Diante de uma corrida armamentista que definia o poder pela capacidade de destruição em massa, ainda mais em uma época de tensão política entre esses poderes dominantes, um medo pairou sobre a humanidade, o medo de um futuro em ruínas criado por essas armas apocalípticas. É assim que, em 1954, o diretor japonês Ishirō Honda nos concedeu um filme que transmitia bem esse medo das armas nucleares, fazendo isso na idealização de um monstro, um monstro chamado Godzilla.
O Godzilla então se torna a personificação do medo da bomba, uma memória sombria de um país que sofreu com a guerra, uma criatura destrutiva que surge da radiação perpetuante da arma que destruiu a dignidade do Japão, temas esses que são abordados com maestria no épico Godzilla Minus One do diretor Takashi Yamazaki. Como uma retomada do simbolismo do monstro, o longa não só atribui um caráter mitológico ao Godzilla, mas também o relaciona ao imaginário traumatizante da Segunda Guerra que afligiu o povo japonês, sendo todo esse trauma refletido no protagonista Koichi (Ryunosuke Kamiki), um soldado kamizake que se recusou a “morrer com honra”pelo seu país, sofrendo com sua moralidade em meio ao caos que se encontra sua nação. Essa moralidade que assombra Koichi se escancara com a figura destrutiva do Godzilla, que nesse filme se mostra como sua versão mais violenta e impulsa, uma força da natureza imparável cuja única razão existencial é causar destruição, não só física para as cidades, mas também psicológica e emocional ao protagonista.

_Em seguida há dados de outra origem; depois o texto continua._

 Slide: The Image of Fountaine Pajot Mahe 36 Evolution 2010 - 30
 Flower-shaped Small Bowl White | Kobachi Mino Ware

Yamazaki cava fundo na alma de Koichi, como o ex-soldado observa tudo em sua volta desmoronar perante suas crenças que nem mesmo ele consegue definir de forma exata. O personagem se torna uma alegoria para a desmoralização do Japão, sendo na figura do Godzilla onde essa desmoralização ganha uma forma física que não pode ser impedida, muito menos destruída. Toda a destruição causa pelo kaiju não se torna apenas um espetáculo visual como objetivo de entreter aqueles que estão assistindo, mas também um elemento dramático poderoso, algo que se entrelaça de forma magnifica com o núcleo dos personagens humanos, que eleva a moral do povo ao exaltar a união popular contra o mal que os assola. O diretor não fugiu do classicismo que definiu o personagem pelos anos longos em que se tornou um marco da cultura pop, mas sim aderiu uma profundidade nas questões que o cercam, fazendo isso de uma forma espetacular.